Yeah, schedule it for April Fool's Day

Posted by: BroD at March 20, 2007 04:51 PM

Rove has made several public and on-the-record comments regarding the DOJ US Attorney purge.
Miers is now in private life, and not employed by the WH at all.
Do you know how these facts accept executive privilege claim?

And hey, the big mass firing came on Dec. 7. Isn't there some fancy Legal Latin for that -"thing speaks for itself"? Can we say "Book -em" yet?

Posted by: execprivquestion at March 20, 2007 06:09 PM

'accept executive privilege' ? Sorry, meant 'affect executive privilege' .

Posted by: execprivquestion at March 20, 2007 06:13 PM

It should be interesting to see what comes of all this. I absolutely don't want them to have a secret session. These are issues that matter to the public, and need to be aired publicly. To do otherwise is to undermine any remaining trust in this administration.

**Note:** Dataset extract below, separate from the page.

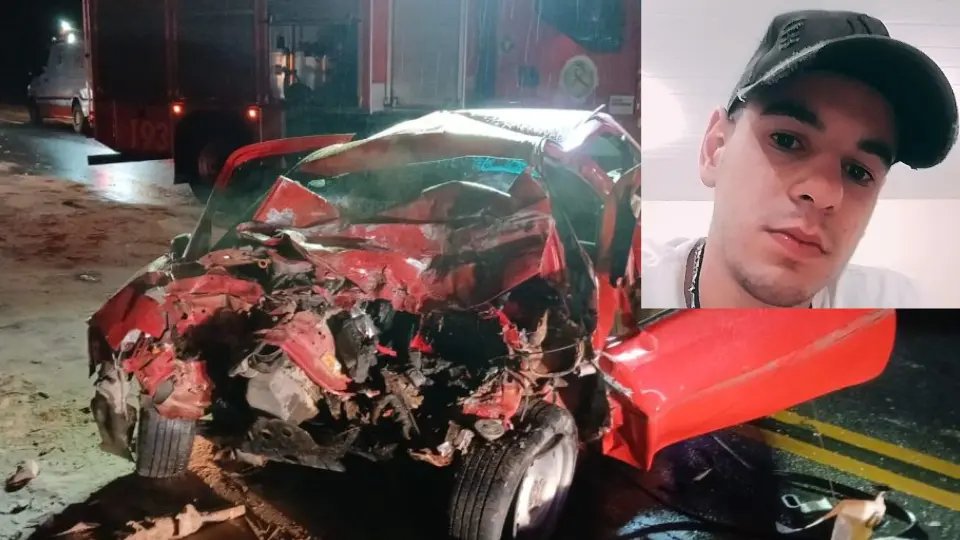 Jovem de 22 anos identificado morre em colisão frontal na BR-470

Posted by: Stephanie at March 20, 2007 06:37 PM

IANAL, but I believe:

1) Rove's on-the-record public statements are not worth the paper they're not printed on. Lying under oath is a crime, lying in politics is business as usual.

2) Executive privilege claims apply to the event, even if the advisor subsequently leave the government.

Posted by: Seth Finkelstein at March 20, 2007 07:05 PM

It should be interesting to see what comes of all this. I absolutely don't want them to have a secret session. These are issues that matter to the public, and need to be aired publicly. To do otherwise is to undermine any remaining trust in this administration.